Nothing in the records may be changed; retype them in full.

──────

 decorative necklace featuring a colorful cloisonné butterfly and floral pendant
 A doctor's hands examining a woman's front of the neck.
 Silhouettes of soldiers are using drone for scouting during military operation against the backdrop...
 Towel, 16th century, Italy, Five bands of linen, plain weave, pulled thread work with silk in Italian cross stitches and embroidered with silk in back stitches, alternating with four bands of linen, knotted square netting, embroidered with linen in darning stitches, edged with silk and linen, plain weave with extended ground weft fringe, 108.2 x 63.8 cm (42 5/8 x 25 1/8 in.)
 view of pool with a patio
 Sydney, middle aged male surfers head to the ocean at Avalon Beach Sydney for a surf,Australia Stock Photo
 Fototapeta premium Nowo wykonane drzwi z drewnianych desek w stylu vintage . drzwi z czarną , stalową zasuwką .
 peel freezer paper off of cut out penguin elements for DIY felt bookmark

──────

# RESULT BELOW:
 decorative necklace featuring a colorful cloisonné butterfly and floral pendant
 A doctor's hands examining a woman's front of the neck.
 Silhouettes of soldiers are using drone for scouting during military operation against the backdrop...
 Towel, 16th century, Italy, Five bands of linen, plain weave, pulled thread work with silk in Italian cross stitches and embroidered with silk in back stitches, alternating with four bands of linen, knotted square netting, embroidered with linen in darning stitches, edged with silk and linen, plain weave with extended ground weft fringe, 108.2 x 63.8 cm (42 5/8 x 25 1/8 in.)
 view of pool with a patio
 Sydney, middle aged male surfers head to the ocean at Avalon Beach Sydney for a surf,Australia Stock Photo
 Fototapeta premium Nowo wykonane drzwi z drewnianych desek w stylu vintage . drzwi z czarną , stalową zasuwką .
 peel freezer paper off of cut out penguin elements for DIY felt bookmark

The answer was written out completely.